WHAT IS NEEDED
From the records below, transcribe only the lines running from the one with "Woman in a light" through the one with "large collection of". Keep both of those end lines.

EXTRACTED RECORDS
++++++++

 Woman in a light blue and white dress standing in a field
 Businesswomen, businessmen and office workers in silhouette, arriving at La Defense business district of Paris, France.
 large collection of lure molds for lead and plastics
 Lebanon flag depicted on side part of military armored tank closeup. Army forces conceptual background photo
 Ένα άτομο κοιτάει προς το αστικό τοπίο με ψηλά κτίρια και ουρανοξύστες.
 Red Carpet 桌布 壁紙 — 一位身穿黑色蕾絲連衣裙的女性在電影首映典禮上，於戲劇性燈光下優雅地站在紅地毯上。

++++++++

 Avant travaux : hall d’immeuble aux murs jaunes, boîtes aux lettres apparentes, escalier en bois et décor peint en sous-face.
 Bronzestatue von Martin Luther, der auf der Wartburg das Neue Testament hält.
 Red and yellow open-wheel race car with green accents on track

++++++++

SOLUTION TO THE PROBLEM
 Woman in a light blue and white dress standing in a field
 Businesswomen, businessmen and office workers in silhouette, arriving at La Defense business district of Paris, France.
 large collection of lure molds for lead and plastics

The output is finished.